### What to do:
The whole listing that follows is to be restated word for word, images excluded.

### Exercise data:
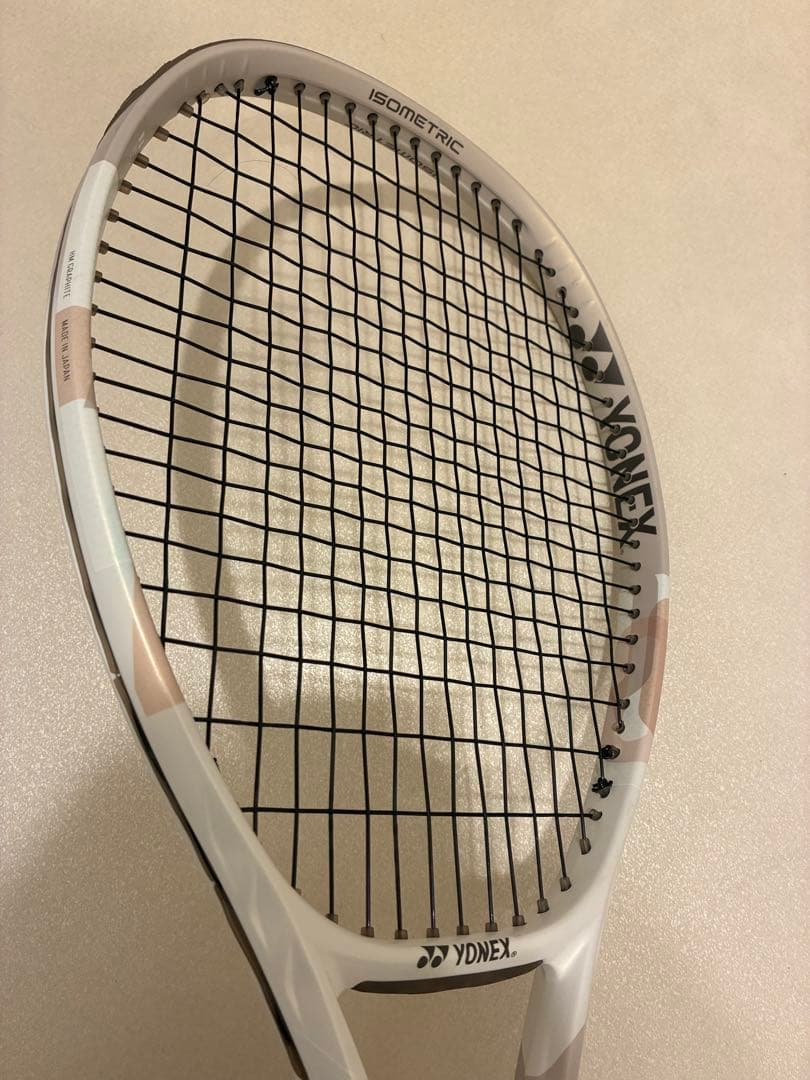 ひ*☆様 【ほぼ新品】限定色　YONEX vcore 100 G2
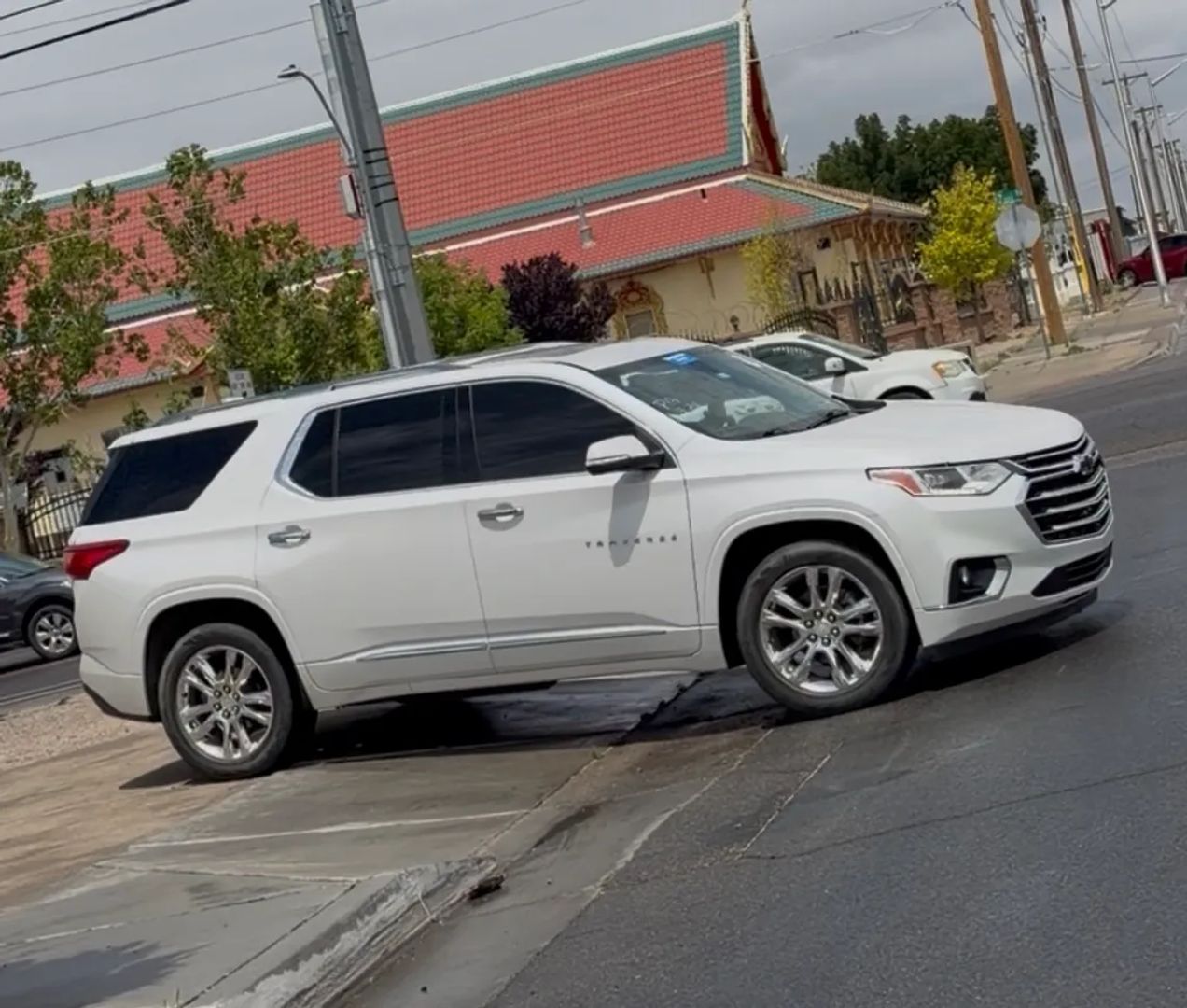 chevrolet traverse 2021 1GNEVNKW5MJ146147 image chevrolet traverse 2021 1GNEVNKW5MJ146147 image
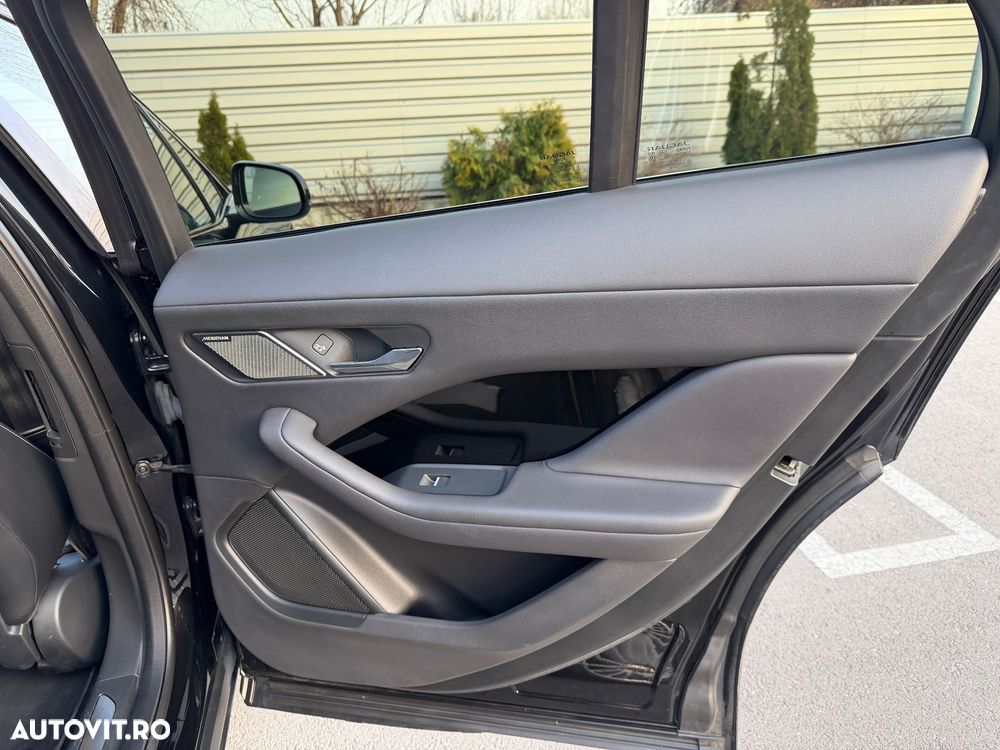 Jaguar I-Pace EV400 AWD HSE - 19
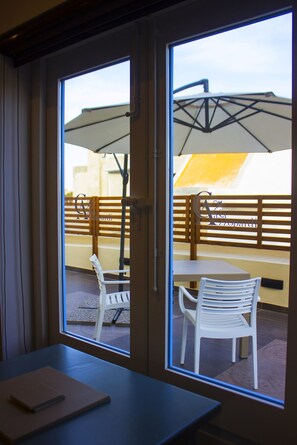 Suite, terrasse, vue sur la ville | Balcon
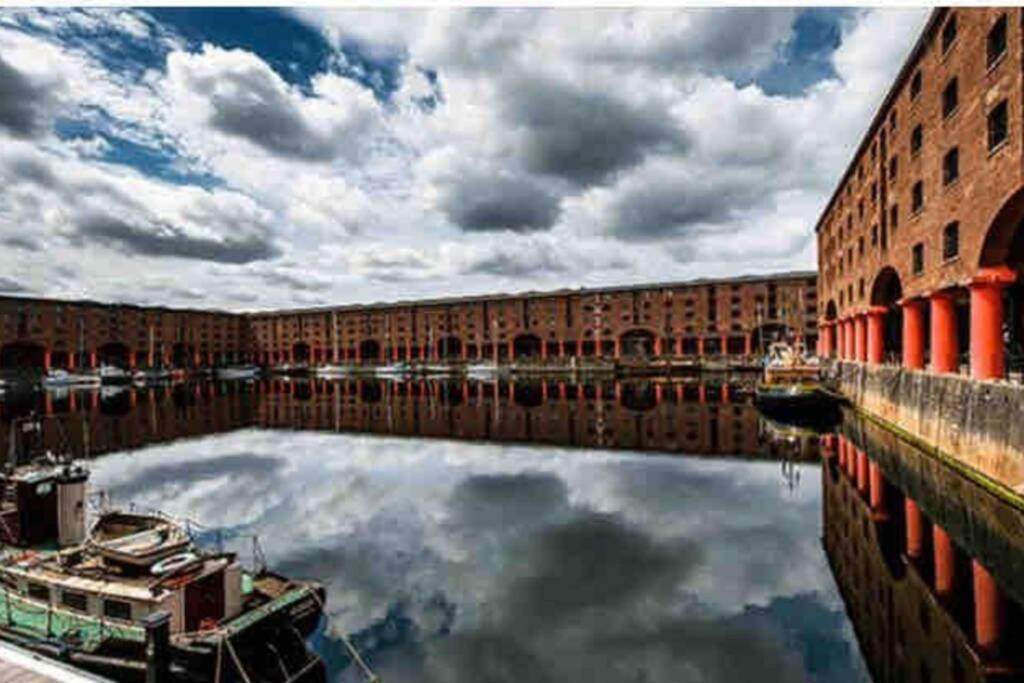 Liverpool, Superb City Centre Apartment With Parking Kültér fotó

### Result of this task:
 ひ*☆様 【ほぼ新品】限定色　YONEX vcore 100 G2
 chevrolet traverse 2021 1GNEVNKW5MJ146147 image chevrolet traverse 2021 1GNEVNKW5MJ146147 image
 Jaguar I-Pace EV400 AWD HSE - 19
 Suite, terrasse, vue sur la ville | Balcon
 Liverpool, Superb City Centre Apartment With Parking Kültér fotó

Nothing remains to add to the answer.